Burdur’un yarım asrı geçmiş yazılı basın kuruluşları ve Dünya’ya açılan kapısı İnternet gazeteleri geçtiğimiz günlerde Burdur Ticaret ve Sanayi Odasının koordinatörlüğünde özel sektöre ait olan bir otel de toplandı. Toplantının gündeminde olan, “Burdur’un öncelikli sorunları ve Burdur’da Basın ve Basın mensubu olmak” olarak belirlenmişti. Yıllar önce Burdur’un kalkınmadaki yerinin belirlenmesi için Burdur’un öncelikli sorunları konulu geniş bir liste yapıldığını hatırlıyorum. Biz de basın kuruluşları olarak bu çalışmaların bir yanı ile tarafı olduk. Gelinen noktada liste de yer alan öncelikli sorunların kararlılıkla takip edilmesi sonucunda bir çoğunun gerçekleştiğini buna katkılarından dolayı bütün kesimlere buradan teşekkür ediyorum.

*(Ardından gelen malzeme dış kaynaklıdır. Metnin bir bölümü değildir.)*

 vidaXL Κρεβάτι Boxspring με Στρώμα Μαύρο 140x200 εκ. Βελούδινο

Burdur Ticaret ve Sanayi Odasının koordinatörlüğünde yapılan toplantının sonrasında belirlenen bir tarihte bir çalıştay ile taçlandırılacağı önemli bir aşama olarak görüyoruz. Burdur da uzun bir zamandan bu yana kapılarını bütün sıkıntılara göğüs gererek kapatmayan yarım aşrı devirmiş bu konuda emek veren yazılı basın kuruluşları ile teknolojinin ortaya çıkardığı ve dünyada örnekleri giderek artan İnternet gazeteleri ise bu gün Burdur’un dünya’ya açılan penceresi olarak görevini yapmaya çalışmaktadır. Hele ki günün her sabahı sırtlarında çantaları haber peşinde zamanının büyük bölümünü geçiren gazete muhabirlerinin çilesi mesleğine aşık olmayan kimsenin gazete sayfalarını süsleyen bu çileyi çekmesinin mümkün olmadığını söyleyebilirim.

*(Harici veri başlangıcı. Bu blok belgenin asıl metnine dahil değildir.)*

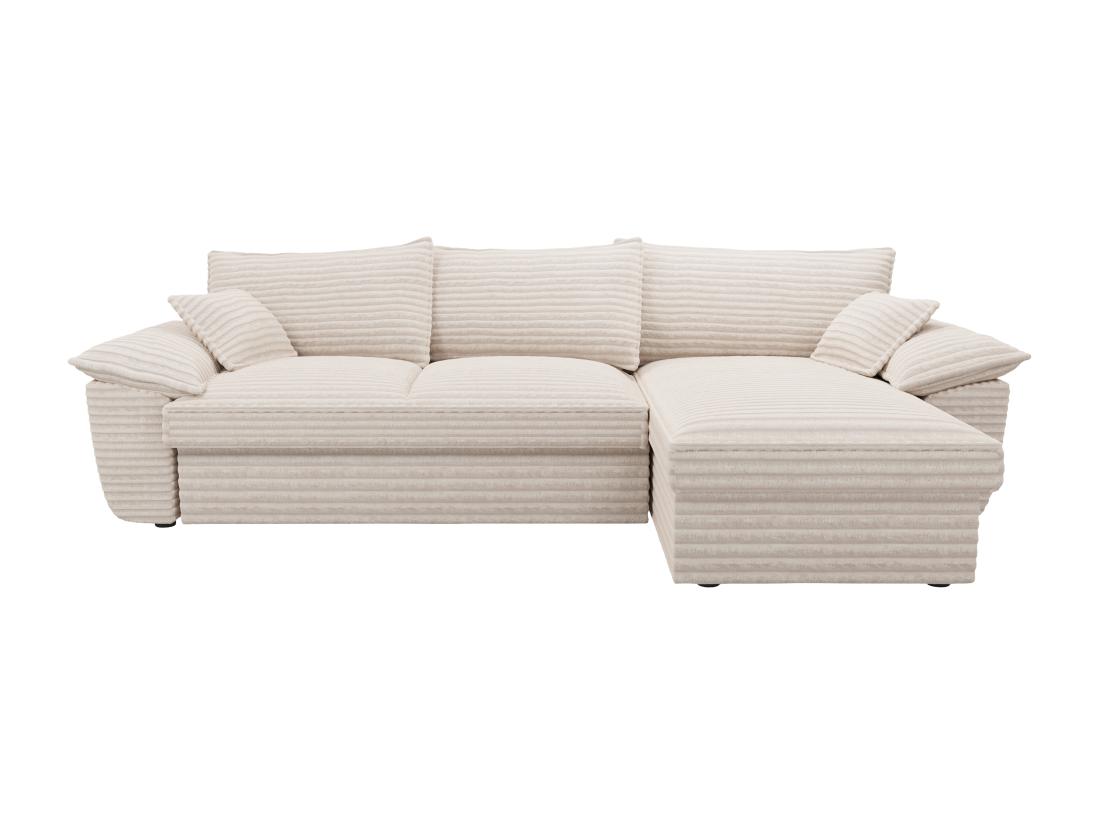 Vente Unique Canapé D'angle Droit Convertible En Velours Côtelé Grosses Côtes Beige GUILLERMO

Ekonomik koşulların baskıladığı gazete sahiplerinin günü kar ile bitirmeyi bırakın gazete kağıdına gelen zamlar personel giderleri, matbaa mürekkebine gelen zamlar genel giderler ile çocuklarını okutabilmek için harcayacağı para ve evine ekmek götürmenin zorluklarını sayabilirim. Gazeteyi çıkartmak zorunda olması bir yana kendisini adeta buna mecbur sayan bir meslek olduğunun ve sürekli kendisinden fedakarlık etmek zorundadır. Bir kentin dışarıya enformasyonu gerektiğinde en önde o kentin basın çalışanını ve başın kuruluşlarını görürsünüz. Eksik veya hatalı bir haberi yazdığında yine kendisini azarlayanlara ve eleştirenlere göğüs germe ya da kendisini çaresizlikler içinde savunma görevi kendisinindir. İyi bir haber yazdığı zaman sırtı sıvazlanır muhatabının ise hoşuna gitmediği bir haber yazdığında en ağır hakaretleri gazeteci ve çalıştığı gazetenin sahibi olan kişiler görürler. Hatta mahkemeye verilerek Hakim karşısına çıkartılırlar.

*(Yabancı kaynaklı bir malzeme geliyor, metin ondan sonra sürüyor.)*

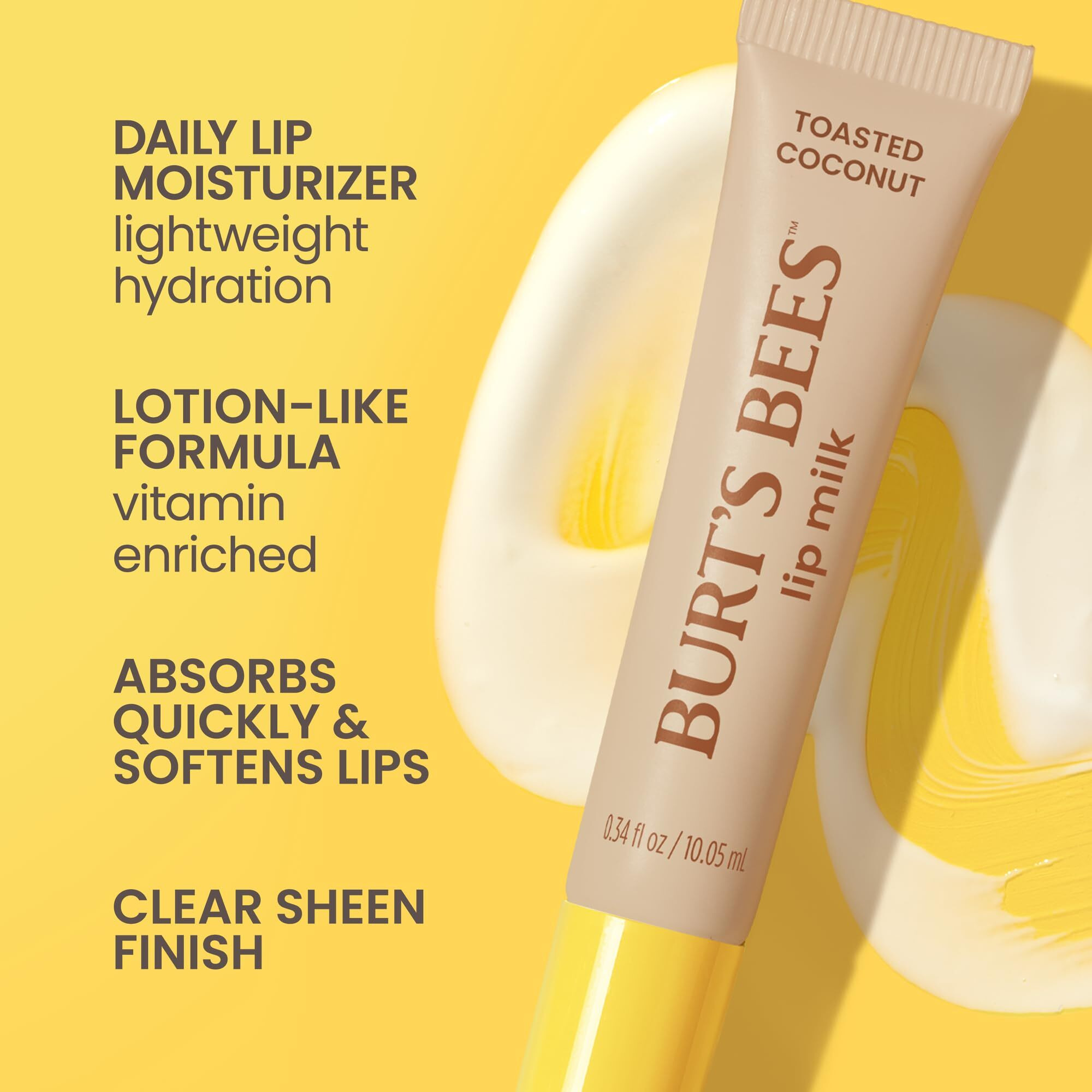 Burts Bees Lip Milk, Daily Lip Moisturizer, Toasted Coconut, Vitamin Enriched Moisturizing Lip Balm With Almond Milk And Jojoba Oil, Hydrating For Softer Lips, 1 Tube, 0.34 Fl Oz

Gazete sahiplerinin karşısına değişken politikalar sonucunda gerektiğinde budanan resmi ilanları duyan ya da bilen kişilerin dudak bükerek sizler resmi ilan alıyorsunuz edası ile gözlerinde adeta büyüttükleri rakamların basın kuruluşlarının personel giderlerine yetmediğini kimse düşünmez. Hükümetlerin bilerek ya da üzerinde durmaya değmez olarak değerlendirdikleri basın çalışanları ile ilgili yasaları günün koşullarına göre düzenlemede ketum davranmaları üzerine ekilen tuz ve biber olmaktadır. Çağın kabul ettiği İnternet gazeteleri ile ilgili yasa ile yasa koyucuların gündem ve çalışmaları arasında yer almamaktadır. Sektör reklamlarını ve lokomotif olan yarı kamu yarı sivil toplum kuruluşlarının kriz var bahanesi ile verdikleri milli ve dini bayram tebriklerinde fiyat indirme gayretleri sıkıntı yaratan koşulların başında gelmektedir.